Pues bien, don Miguel de Cervantes es uno de ellos, porque su obra traspasó los límites de la comarca y la llevó a lo universal. Un hombre de vida pobre y desvencijada, que con el paso de los años se fue cargando de desventuras y que murió pobre, casi de solemnidad. Hasta el punto que, siendo profundamente creyente, sólo pudo dejar en su testamento que se dijeran dos misas por su alma.
Éste desventurado, que jamás recibió respuesta del rey, afrontó valientemente todas las adversidades, tanto las públicas como las privadas y se aferró a su obra para sobrevivir.
Empezó a desgranar su prosa y la fue convirtiendo en poesía. Y esa prosa poética, lentamente se tornó en el cuentecillo sobre un hidalgo pobre y lúcidamente loco que peregrinaba por los campos de Castilla con un escudero. Cuentecillo que creció y creció hasta convertirse en la gran novela que todos conocemos hoy.
Con el paso del tiempo he concluido que la fama de Cervantes está muy por encima de su conocimiento verdadero, y me temo que eso es un reflejo de lo que ocurre a nivel mundial. Muchos son los que hablan de El Quijote, pero sospecho que son mucho menos los que en verdad lo han leído.
Quienes no lo han hecho, ojalá se dejen atrapar alguna vez. Aunque solo sea para que digan como aquella escritora española del siglo pasado, la cual, al ser sorprendida por sus amigos leyendo El Quijote, declaró:
...porque tanto oí decir que Don Quijote era la obra cumbre de la Literatura Universal, que me decidí a comprobar por mí misma si era verdad que alguna vez habíamos sido capaces los españoles de hacer algo que valiera la pena.
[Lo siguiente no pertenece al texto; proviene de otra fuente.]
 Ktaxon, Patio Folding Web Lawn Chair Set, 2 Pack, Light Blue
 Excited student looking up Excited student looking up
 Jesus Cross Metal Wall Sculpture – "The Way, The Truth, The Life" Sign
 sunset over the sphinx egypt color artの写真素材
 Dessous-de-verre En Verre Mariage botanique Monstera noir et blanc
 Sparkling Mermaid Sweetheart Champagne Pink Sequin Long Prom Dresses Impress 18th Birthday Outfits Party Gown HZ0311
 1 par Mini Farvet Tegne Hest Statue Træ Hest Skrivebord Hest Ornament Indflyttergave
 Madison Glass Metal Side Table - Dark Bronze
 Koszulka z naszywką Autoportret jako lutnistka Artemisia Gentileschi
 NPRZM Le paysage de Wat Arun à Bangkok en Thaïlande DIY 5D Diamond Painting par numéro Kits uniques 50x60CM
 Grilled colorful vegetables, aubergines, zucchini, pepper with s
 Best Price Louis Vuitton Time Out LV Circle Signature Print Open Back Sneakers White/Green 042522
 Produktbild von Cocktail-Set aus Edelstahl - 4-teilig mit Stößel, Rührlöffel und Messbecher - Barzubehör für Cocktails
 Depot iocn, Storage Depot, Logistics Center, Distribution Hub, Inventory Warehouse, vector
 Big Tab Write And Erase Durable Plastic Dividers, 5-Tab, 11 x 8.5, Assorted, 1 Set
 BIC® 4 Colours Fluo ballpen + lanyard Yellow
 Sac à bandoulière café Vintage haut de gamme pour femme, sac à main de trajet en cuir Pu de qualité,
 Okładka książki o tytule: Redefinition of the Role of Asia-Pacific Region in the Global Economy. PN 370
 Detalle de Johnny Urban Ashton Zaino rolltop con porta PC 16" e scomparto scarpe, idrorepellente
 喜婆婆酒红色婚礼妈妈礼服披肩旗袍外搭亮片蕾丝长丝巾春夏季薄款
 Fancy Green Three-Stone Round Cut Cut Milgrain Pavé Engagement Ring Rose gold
El Quijote se creo cuando ya nada importaba demasiado para Cervantes, cuando nadie esperaba nada de él, ni siquiera él mismo. Cervantes imaginó un relato inimaginable e imposible, sobre todo en su tiempo y casi en el nuestro también. El regalo que Don Quijote le dio a su autor fue hacerlo dueño de una invención, de un descubrimiento que cuajó más allá de su tiempo: encontró en la novela el taller de la ironía y la libertad para contar la realidad. Se inventó el artefacto que duplica la realidad mientras la imita, el modo de pensar universal y moderno, de que las cosas pueden ser muchas cosas a la vez. El Cervantes de sus mejores novelas, parece vivir fuera de su tiempo, para saltar al centro del nuestro. Donde la ironía es la respuesta que los ideales y el buen sentido dan a las paradojas de la experiencia, donde el humor es condición de la inteligencia y la verdad es esquiva y es exacta al mismo tiempo.
Cuando le quedaban apenas unos días de vida, Cervantes tomó su pluma y escribió por última vez:
"¡ Adiós, gracias, adiós, donaires; adiós, regocijaos amigos; que yo me voy muriendo y deseando veros presto contentos en la otra vida!"

Ciertamente, pocas alegrías hay en la vida. Y una de ellas es leer a Don Quijote de la Mancha.

Hoy en día hay placas conmemorativas, institutos, escuelas, colegios, concursos, en toda la ciudad de Sevilla. Y si contaran las que hay en toda España, no acabarían nunca. Hasta tienen un Premio de Las Letras con su nombre. Sí, Ahora si, pero en aquel 1597 lo metieron a la cárcel. Así somos.